Pasado el boom de los móviles plegables, que pese a su todavía amplio margen de mejora ya no suponen una sorpresa en el mercado, la innovación en el sector parece estar viviendo horas bajas. Esto no significa que haya malos móviles. Las mejoras en rendimiento, avances en cámara y carga rápida son buena prueba de que, aunque no sea tan sorprendente, se están moviendo cosas.

Sin embargo, este año he visto de forma clara cuál es el principal elemento diferenciador en cualquier gama viendo que podemos encontrar muchos terminales con especificaciones similares e incluso idénticas en algunos puntos. Es además lo que primero nos entra por los ojos.

Salirse del molde en el diseño es más importante que nunca

Disenos Moviles

En gustos no hay nada escrito y este no deja de ser al final un artículo de opinión. Sin embargo, creo firmemente que a día de hoy puede ser una realidad eso de escoger un móvil solo por que sea el que más te guste estéticamente. Aunque siempre en igualdad técnica de condiciones, claro.

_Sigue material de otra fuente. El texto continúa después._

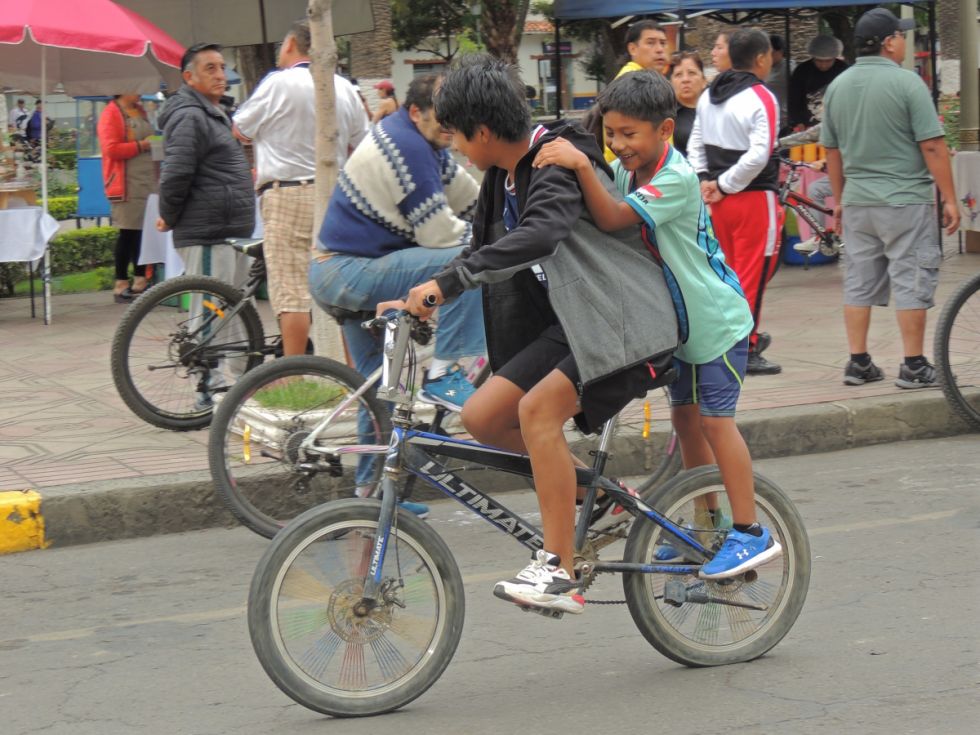 Así se vive en Tarija la jornada por el Día del Peatón (Imágenes)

Como ya avanzaba, esto es algo que creo aplicable a cualquier gama. Si bien no todos los móviles son iguales, aunque compartan rango de precio, tengo comprobado que entre las mejores opciones de cada categoría puedo encontrar al menos dos o tres terminales que compartan lo importante en especificaciones. Es decir, mismo procesador, tamaño idéntico, resolución de pantalla compartida y juego de cámaras similar. También baterías similares de entre 4.500 y 5.000 mAh.

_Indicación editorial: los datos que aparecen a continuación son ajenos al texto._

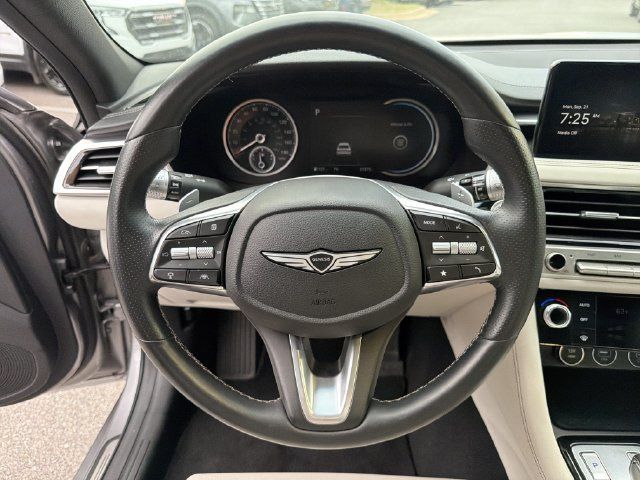 Used 2025 Genesis G70 2.5T AWD/4WD image 23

Móviles diferentes existen, el "problema" es cuando dentro de una misma familia hay varios que comparten estética.

Así entra un factor que puede ser determinante y por el que espero que se siga apostando en 2023: un diseño diferente, pero de verdad. No todos los móviles son iguales, pero al final tienden a parecerse mucho a otros. A veces incluso dentro de un mismo fabricante encontramos diseños compartidos.

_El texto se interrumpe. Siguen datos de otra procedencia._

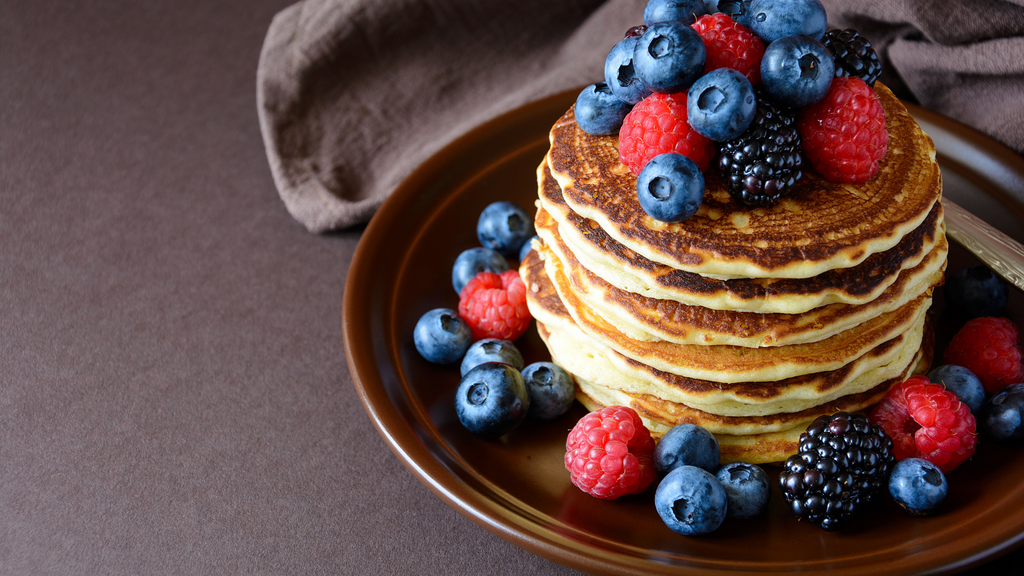 Cookie Crunch and Peanut Protein Pancakes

Nada es al azar y evidentemente todo está pensado. A nivel comercial tiene cierto interés que se parezcan. Si el gama media de turno se parece al gama alta, puede aportar cierta sensación de estatus a quien porta el modelo más económico, pese a que en su interior haya distancias con el tope de gama.

Puedo citar tres ejemplos de móviles con diseño muy particular y que, aunque en algún elemento se parezca a otro, a nivel general se ven diferentes. El OPPO Find X5 es ejemplo de diseño diferente y reconocible. Sencillo, pero diferente con su particular forma de módulo de cámaras, aunque compartido con su hermano mayor, el OPPO Find X5 Pro.

Otro caso similar lo podemos encontrar en el Realme GT 2 con su diseño firmado por Naoto Fukasawa, un conocido diseñador nipón. Dispositivo que pese a estar construido en plástico da el pego de ser un gama alta a la vista y al tacto, con una estética sencilla y minimalista. Aunque tampoco es que sea el más disruptivo.

El caso más llamativo es el Nothing Phone (1), teléfono que ha apostado por un diseño diferencial de forma más evidente que el resto de fabricantes. Si bien no soy personalmente demasiado fan de sus especificaciones al considerar otros terminales del mismo rango de precio, lo cierto es que a nivel de diseño no puedo sacarle ni una sola pega. Podrá gustar más o menos, pero su juego de LEDs trasero ha dado mucho que hablar y es probablemente el móvil más reconocible del mercado.

Así, sigo esperando con ansia una revolución en los diseños‌ de todos los fabricantes, o al menos de unos cuantos más. Soy consciente de que el formato de smartphone actual impide ver dispositivos totalmente diferentes entre sí como ocurría en la era anterior a estos, pero apostar por elementos diferenciales a lo OPPO, Nothing o Realme son siempre dignos de agradecer a falta de la siguiente gran revolución de hardware. Si es que el fin de los smartphones no está cerca.